Generate counts for the most frequent n-grams in text.

Function returns a list with a viz and a view object. The viz object can be fed into ParseR's `viz_ngram` function to produce a network visualisation.

Usage

count_ngram(
 df,
 text_var = Message,
 n = 2,
 top_n = 50,
 min_freq = 10,
 distinct = FALSE,
 hashtags = FALSE,
 mentions = FALSE,
 clean_text  = FALSE,
 remove_stops = TRUE,
 tolower = TRUE, 
 ...
)

Arguments

df: A dataframe.
text_var: The variable containing the text.
n: The number of terms to include in the n-gram.

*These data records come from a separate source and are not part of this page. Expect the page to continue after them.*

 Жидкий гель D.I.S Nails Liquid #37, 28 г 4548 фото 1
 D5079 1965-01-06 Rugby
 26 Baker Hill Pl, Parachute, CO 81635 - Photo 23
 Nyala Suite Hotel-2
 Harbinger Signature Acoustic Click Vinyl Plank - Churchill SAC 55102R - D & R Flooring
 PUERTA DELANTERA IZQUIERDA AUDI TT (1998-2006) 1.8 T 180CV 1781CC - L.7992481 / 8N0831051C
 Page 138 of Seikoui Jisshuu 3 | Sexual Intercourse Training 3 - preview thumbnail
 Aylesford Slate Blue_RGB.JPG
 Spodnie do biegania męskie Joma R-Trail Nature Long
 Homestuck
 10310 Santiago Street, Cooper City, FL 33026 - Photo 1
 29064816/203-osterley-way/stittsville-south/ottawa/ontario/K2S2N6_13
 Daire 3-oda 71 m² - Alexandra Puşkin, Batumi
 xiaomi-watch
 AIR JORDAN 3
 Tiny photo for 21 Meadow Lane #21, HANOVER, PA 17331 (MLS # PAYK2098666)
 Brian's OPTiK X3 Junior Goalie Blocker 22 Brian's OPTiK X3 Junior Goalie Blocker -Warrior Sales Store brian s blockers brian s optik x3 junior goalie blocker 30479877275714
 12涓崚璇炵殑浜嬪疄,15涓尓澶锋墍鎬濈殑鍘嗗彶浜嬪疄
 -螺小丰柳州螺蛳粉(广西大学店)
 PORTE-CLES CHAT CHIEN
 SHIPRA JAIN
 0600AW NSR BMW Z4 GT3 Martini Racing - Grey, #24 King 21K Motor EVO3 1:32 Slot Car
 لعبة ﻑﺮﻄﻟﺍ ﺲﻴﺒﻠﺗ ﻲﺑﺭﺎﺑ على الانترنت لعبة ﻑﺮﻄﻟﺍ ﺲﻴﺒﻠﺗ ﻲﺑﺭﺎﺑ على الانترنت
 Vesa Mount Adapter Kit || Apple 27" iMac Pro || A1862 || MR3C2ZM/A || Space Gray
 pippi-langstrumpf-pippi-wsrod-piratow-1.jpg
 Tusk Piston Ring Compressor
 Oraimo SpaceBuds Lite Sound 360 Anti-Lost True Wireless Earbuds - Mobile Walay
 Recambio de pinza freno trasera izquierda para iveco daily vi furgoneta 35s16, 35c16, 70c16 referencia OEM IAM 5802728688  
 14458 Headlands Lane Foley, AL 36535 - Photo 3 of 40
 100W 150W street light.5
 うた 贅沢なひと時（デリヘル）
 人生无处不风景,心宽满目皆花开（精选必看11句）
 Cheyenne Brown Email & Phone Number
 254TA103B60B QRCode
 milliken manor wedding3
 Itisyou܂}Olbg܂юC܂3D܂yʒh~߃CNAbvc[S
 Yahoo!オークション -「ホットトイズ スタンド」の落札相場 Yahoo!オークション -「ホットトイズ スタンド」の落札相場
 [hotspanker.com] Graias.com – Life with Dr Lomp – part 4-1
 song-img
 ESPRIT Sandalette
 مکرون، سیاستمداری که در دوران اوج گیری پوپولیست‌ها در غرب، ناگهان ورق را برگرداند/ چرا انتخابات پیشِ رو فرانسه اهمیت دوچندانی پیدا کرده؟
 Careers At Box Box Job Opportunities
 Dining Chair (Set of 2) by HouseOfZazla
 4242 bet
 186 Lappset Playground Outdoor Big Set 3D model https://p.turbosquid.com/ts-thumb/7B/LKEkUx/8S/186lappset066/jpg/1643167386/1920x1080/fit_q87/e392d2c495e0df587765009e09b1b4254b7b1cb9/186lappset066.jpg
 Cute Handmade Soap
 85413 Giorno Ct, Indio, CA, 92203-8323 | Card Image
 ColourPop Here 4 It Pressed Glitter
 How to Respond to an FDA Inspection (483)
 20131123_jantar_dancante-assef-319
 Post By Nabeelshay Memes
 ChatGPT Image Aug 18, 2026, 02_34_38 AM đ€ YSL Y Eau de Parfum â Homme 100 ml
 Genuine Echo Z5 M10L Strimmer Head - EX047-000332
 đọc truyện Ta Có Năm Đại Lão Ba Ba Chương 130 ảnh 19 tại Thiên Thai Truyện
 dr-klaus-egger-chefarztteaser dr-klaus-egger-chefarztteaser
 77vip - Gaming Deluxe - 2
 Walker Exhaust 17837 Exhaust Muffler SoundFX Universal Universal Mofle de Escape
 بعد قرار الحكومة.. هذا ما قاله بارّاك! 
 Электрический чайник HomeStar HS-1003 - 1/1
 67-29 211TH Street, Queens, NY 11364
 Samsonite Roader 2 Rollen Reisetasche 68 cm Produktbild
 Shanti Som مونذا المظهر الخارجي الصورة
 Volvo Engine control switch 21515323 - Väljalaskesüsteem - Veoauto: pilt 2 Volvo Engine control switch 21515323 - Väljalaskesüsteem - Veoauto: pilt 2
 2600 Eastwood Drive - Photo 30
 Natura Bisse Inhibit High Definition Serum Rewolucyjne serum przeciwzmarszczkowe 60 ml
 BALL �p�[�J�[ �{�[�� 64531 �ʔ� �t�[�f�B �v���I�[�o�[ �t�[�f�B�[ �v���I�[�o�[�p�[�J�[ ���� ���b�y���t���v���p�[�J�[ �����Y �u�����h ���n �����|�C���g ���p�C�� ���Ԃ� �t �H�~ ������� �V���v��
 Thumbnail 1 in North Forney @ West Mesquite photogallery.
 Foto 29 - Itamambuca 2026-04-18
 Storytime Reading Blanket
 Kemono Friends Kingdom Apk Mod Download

E.g. 2 produces a bi-gram.
top_n: The number of n-grams to include.
min_freq: The minimum number of times an n-gram must be observed to be included.
distinct: If TRUE, will count # of unique posts for each n-gram.
hashtags: Should hashtags be included in the n-grams?
mentions: Should mentions be included in the n-grams?
clean_text: Should the text variable be cleaned?
remove_stops: Should stopwords be removed?
tolower: Should all tokens be lower cased in calls to unnest_tokens?
...: fed to the `ParseR::clean_text()` function

Value

A list containing a summary table and a tidygraph object suitable for a network visualisation.